───── Material to process ─────

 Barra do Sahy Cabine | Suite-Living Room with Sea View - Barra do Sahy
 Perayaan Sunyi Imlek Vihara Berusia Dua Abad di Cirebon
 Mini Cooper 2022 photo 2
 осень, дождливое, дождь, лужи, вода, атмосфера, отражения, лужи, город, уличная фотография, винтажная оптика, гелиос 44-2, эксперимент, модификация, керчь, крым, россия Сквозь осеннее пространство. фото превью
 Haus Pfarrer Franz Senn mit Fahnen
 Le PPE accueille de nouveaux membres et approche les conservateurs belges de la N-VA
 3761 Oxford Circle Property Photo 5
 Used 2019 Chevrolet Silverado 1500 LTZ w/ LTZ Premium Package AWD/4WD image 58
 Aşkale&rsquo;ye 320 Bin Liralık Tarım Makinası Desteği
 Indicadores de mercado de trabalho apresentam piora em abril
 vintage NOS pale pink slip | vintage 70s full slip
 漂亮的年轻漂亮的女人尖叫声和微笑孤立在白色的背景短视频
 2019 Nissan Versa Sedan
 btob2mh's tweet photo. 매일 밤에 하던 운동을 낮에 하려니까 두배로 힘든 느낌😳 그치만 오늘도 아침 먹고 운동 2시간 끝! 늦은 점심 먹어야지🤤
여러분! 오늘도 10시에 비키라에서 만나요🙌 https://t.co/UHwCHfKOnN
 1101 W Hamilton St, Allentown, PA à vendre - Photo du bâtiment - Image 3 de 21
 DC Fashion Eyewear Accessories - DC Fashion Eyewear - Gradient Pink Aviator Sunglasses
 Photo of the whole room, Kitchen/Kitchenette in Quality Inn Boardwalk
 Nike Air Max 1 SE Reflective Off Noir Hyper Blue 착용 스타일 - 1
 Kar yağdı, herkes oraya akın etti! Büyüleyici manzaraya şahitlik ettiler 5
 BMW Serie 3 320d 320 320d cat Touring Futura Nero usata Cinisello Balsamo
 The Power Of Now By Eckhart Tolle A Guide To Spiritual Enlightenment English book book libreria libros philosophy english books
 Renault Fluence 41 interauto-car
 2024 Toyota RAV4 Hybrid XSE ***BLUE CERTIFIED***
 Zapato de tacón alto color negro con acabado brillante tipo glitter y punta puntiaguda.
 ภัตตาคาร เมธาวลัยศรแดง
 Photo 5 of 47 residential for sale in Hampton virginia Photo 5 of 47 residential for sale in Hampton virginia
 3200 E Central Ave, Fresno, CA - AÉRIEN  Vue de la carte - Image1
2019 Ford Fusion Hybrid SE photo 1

─────

■ Work to complete ■
The records above are to be output in full and without error.

■ Result of this exercise ■
 Barra do Sahy Cabine | Suite-Living Room with Sea View - Barra do Sahy
 Perayaan Sunyi Imlek Vihara Berusia Dua Abad di Cirebon
 Mini Cooper 2022 photo 2
 осень, дождливое, дождь, лужи, вода, атмосфера, отражения, лужи, город, уличная фотография, винтажная оптика, гелиос 44-2, эксперимент, модификация, керчь, крым, россия Сквозь осеннее пространство. фото превью
 Haus Pfarrer Franz Senn mit Fahnen
 Le PPE accueille de nouveaux membres et approche les conservateurs belges de la N-VA
 3761 Oxford Circle Property Photo 5
 Used 2019 Chevrolet Silverado 1500 LTZ w/ LTZ Premium Package AWD/4WD image 58
 Aşkale&rsquo;ye 320 Bin Liralık Tarım Makinası Desteği
 Indicadores de mercado de trabalho apresentam piora em abril
 vintage NOS pale pink slip | vintage 70s full slip
 漂亮的年轻漂亮的女人尖叫声和微笑孤立在白色的背景短视频
 2019 Nissan Versa Sedan
 btob2mh's tweet photo. 매일 밤에 하던 운동을 낮에 하려니까 두배로 힘든 느낌😳 그치만 오늘도 아침 먹고 운동 2시간 끝! 늦은 점심 먹어야지🤤
여러분! 오늘도 10시에 비키라에서 만나요🙌 https://t.co/UHwCHfKOnN
 1101 W Hamilton St, Allentown, PA à vendre - Photo du bâtiment - Image 3 de 21
 DC Fashion Eyewear Accessories - DC Fashion Eyewear - Gradient Pink Aviator Sunglasses
 Photo of the whole room, Kitchen/Kitchenette in Quality Inn Boardwalk
 Nike Air Max 1 SE Reflective Off Noir Hyper Blue 착용 스타일 - 1
 Kar yağdı, herkes oraya akın etti! Büyüleyici manzaraya şahitlik ettiler 5
 BMW Serie 3 320d 320 320d cat Touring Futura Nero usata Cinisello Balsamo
 The Power Of Now By Eckhart Tolle A Guide To Spiritual Enlightenment English book book libreria libros philosophy english books
 Renault Fluence 41 interauto-car
 2024 Toyota RAV4 Hybrid XSE ***BLUE CERTIFIED***
 Zapato de tacón alto color negro con acabado brillante tipo glitter y punta puntiaguda.
 ภัตตาคาร เมธาวลัยศรแดง
 Photo 5 of 47 residential for sale in Hampton virginia Photo 5 of 47 residential for sale in Hampton virginia
 3200 E Central Ave, Fresno, CA - AÉRIEN  Vue de la carte - Image1
2019 Ford Fusion Hybrid SE photo 1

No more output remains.